South Street in Vicksburg runs east and west and is 30 feet wide. Dennis’s car was parked next to the curb on the north side of the street headed west. On the south, a Rambler automobile was parked next to the curb facing east. Around 8:45 p.m. Maupin, age 16 years, was driving east on South Street behind a station wagon driven by a young man named Thorne. As Thorne approached the parked Rambler, on the south side, he pulled to his left to drive around it. At the same time Maupin was beginning to pass Thome’s vehicle, which was picking up speed. Maupin accelerated his car and continued to pass Thorne. He drove on his left side of the street, and accelerated to a speed of 45 to 50 miles an hour. Trying to get around Thorne in this way, Maupin’s car hit the side of the parked Dennis vehicle, then struck Thorne’s station wagon, and proceeded down the street for a block and a half before turning around and returning.

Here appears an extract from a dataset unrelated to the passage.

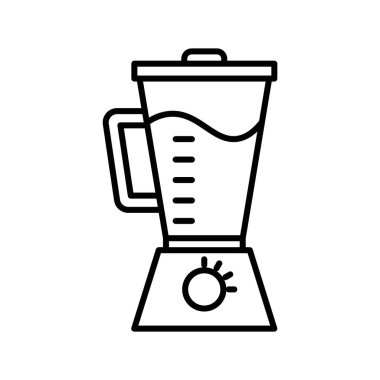 Blender simgesi doğrusal logo işareti web için siyah ve beyaz olarak belirlendi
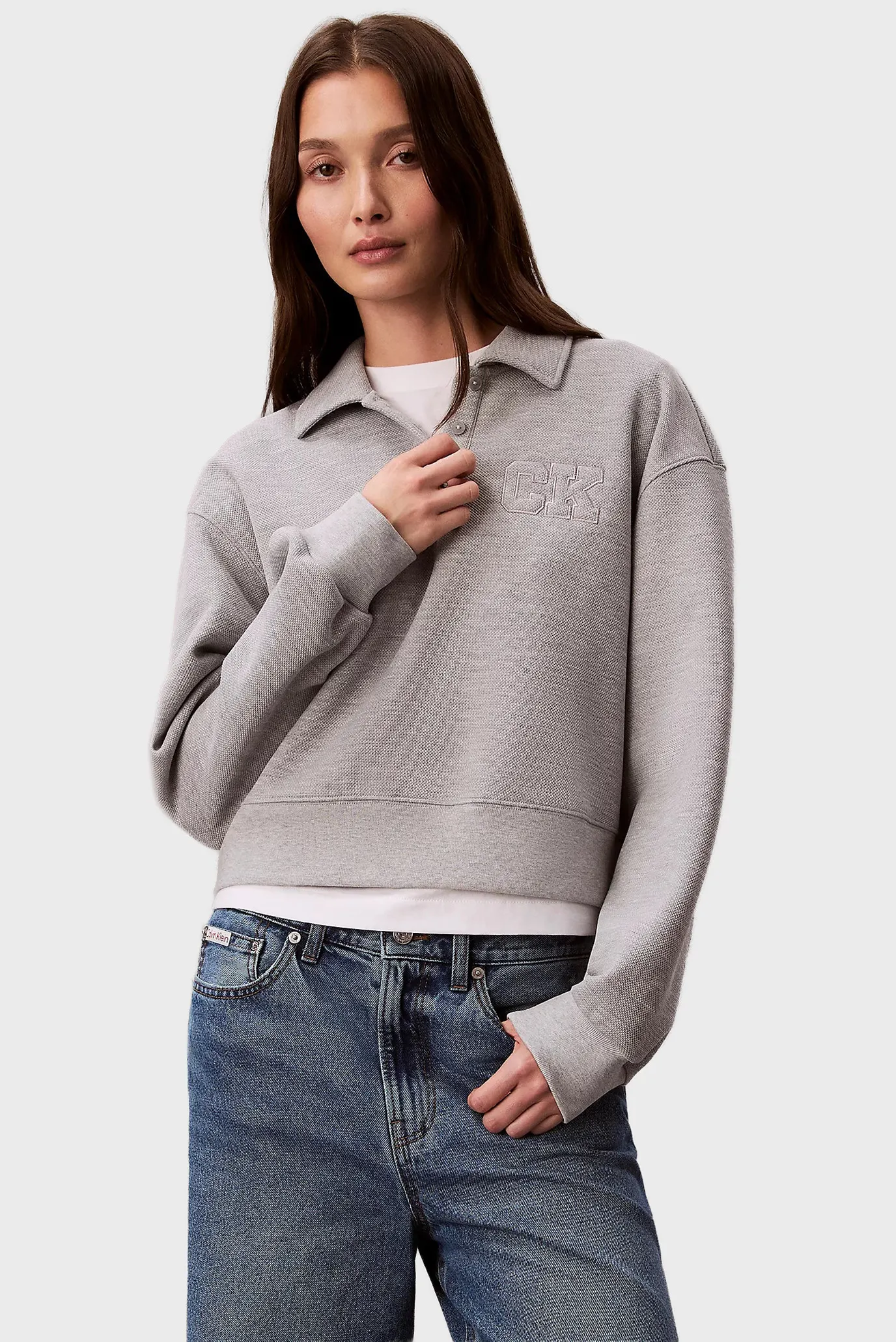 Поло с длинным рукавом LS RLXED INTRLOCK FASHION POLO S 6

Maupin admitted that he did not see the parked Rambler on the south side until Thorne pulled out to drive around it.

The jury was warranted in finding that Maupin was negligent by driving at an excessive rate of speed, and failing to keep his car under reasonable control and a proper lookout, and that such negligence was a contributing proximate cause of the damages to plaintiff’s automobile. Although Thorne may have been negligent also, the triers of fact were justified in concluding he was not the sole proximate cause of plaintiff’s damages.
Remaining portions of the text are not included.